In 1989, Richard D. Schultz, who was then executive director of the
N.C.A.A., met stiff resistance, both from within the association and
without, when he attempted to reduce the visibility of alcohol advertising
in college athletics.
"The beer companies were major advertisers for some of our members, and we
got a lot of pressure from breweries other than those that sponsored the
telecasts," says Mr. Schultz, who is now president of the U.S. Olympic
Committee.
He succeeded in persuading the membership and the television networks to
lower the proportion of beer-and-wine advertising to one minute per hour on
telecasts of N.C.A.A. championships; restricting the space devoted to beer
and wine in the programs and scorecards for N.C.A.A. championships to 14
per cent; and prohibiting beer companies from sponsoring championships.
"That was as far as we could go," he says, "because of the networks.
"They had concerns about their contracts with advertisers, and their sales,
and certain First Amendment rights that they believed everybody had."
CBS did not respond to telephone calls.
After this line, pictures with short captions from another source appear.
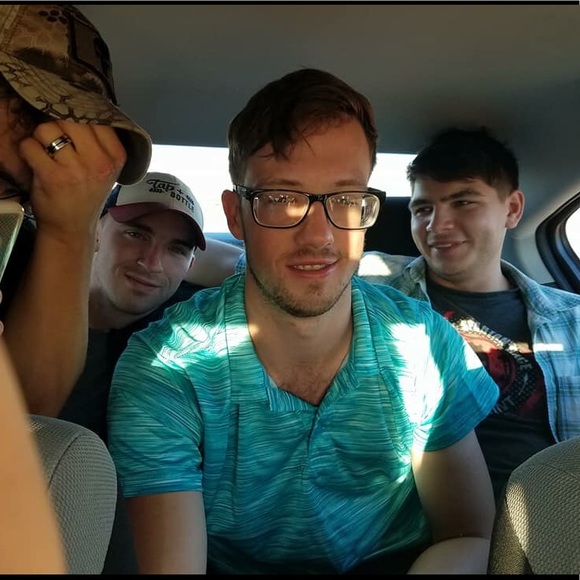 Profile Picture of Anthony Wondolkowski (@wompawhoe) on Poshmark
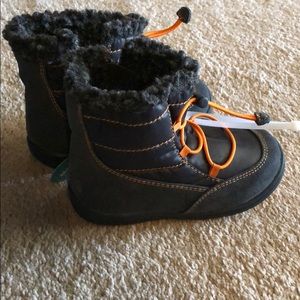 Mobility snow boots with fur NWT
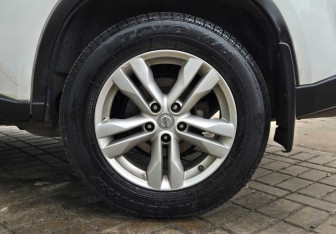 Подержанный автомобиль Nissan X-Trail 2013 года (14 фото)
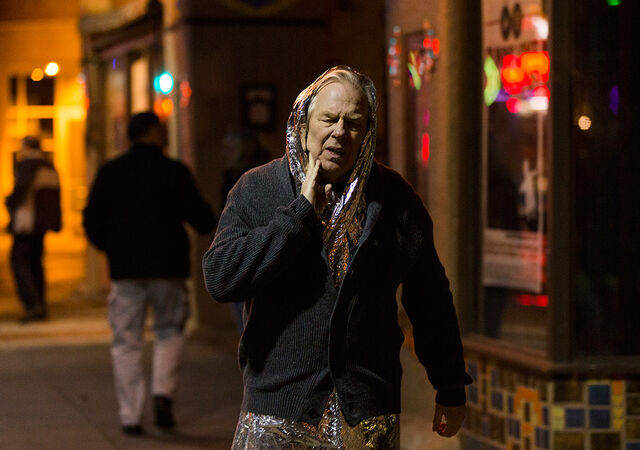 File:Better-call-saul-episode-306-chuck-mckean-2-935.jpg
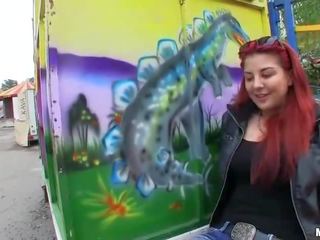 Sophia e egër fucked në the amusement park
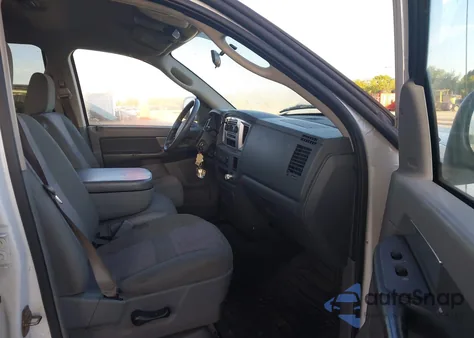 2007 Dodge Ram 1500 Slt/Trx4 Off Road/Sport z USA, uszkodzony, nr VIN 1D7HU18N37S116844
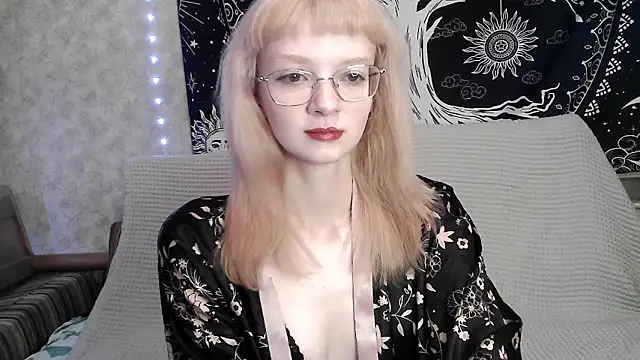 LixLee online show from November 2025 12:02:02 AM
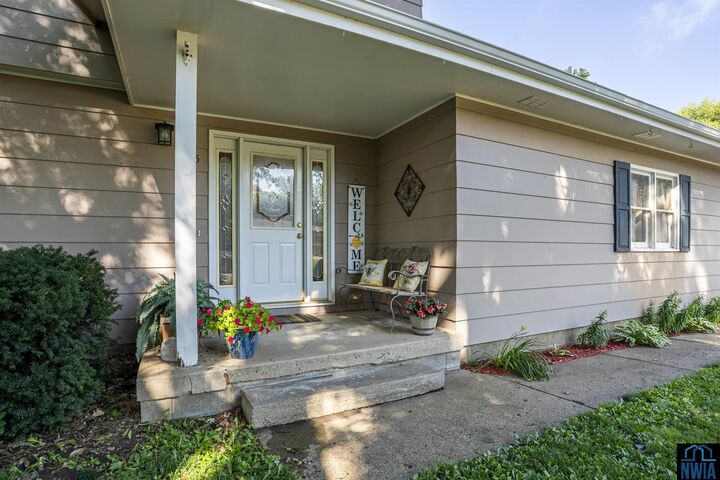 Property Photo: 1225 3rd Ave SW IA 51031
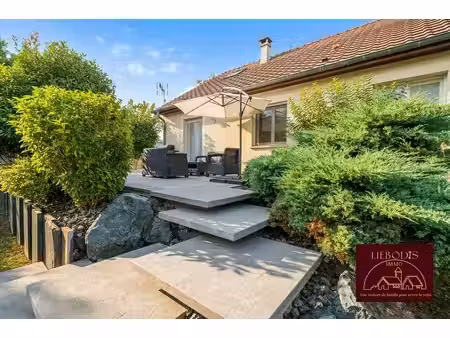 maison familiale - dpe b - superbes prestations à deux pas d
Ronnie Faust, director of corporate
communications at ESPN, which also televises N.C.A.A. championships, says
the network does not "divulge financial figures."
Mr. Schultz left the N.C.A.A. in 1993, and the issue has not been pursued
by his successor, Cedric W. Dempsey.
The restrictions have had little impact on the amount of alcohol
advertising on college-sports broadcasts, because the rights to
regular-season games are controlled not by the N.C.A.A., but by individual
conferences, most of which have no restrictions on such advertising.
Because the beer industry is perhaps the biggest commercial supporter of
college athletics, the development of restrictions is unlikely, says Joel
Nielsen, associate athletics director at Wake Forest University.
"For the networks to turn them away, that would be cutting their own
throats," he says. "And for the conferences to request it would be
shortsighted. Your rights fees would go way down."
Without some kind of collective action, however, Ms. Lenox of Stanford says
it will be difficult for individual institutions to break "this link that
has been established through the years between sports -- collegiate and
professional -- and beer."
A bill sponsored by U.S. Representative Joseph P. Kennedy II, a
Massachusetts Democrat, would restrict the content of alcohol advertising
between 7 a.m. and 10 p.m. Its aim is to minimize children's exposure to
cartoon-like advertising characters such as the Bud-Light penguin and the
Budweiser frogs. The measure is currently before the House Commerce
Committee, and an aide to the Congressman says its prospects are "not
particularly bright."
Nor is the issue on the N.C.A.A.'s agenda. "I find it hard to imagine that
our membership would begin to develop legislation that on a national basis
would restrict the members in their relationship with advertisers," says
Mr. Renfro of the N.C.A.A.
That pleases Mr. Becker, of the Beer Institute. "If you had to choose the
best audience in the world for a beer advertiser, it is 21-to-34-year-old
men who participate in sports and are avid sports fans," he says.
The fit with the college-football audience, he says, is "hand in glove."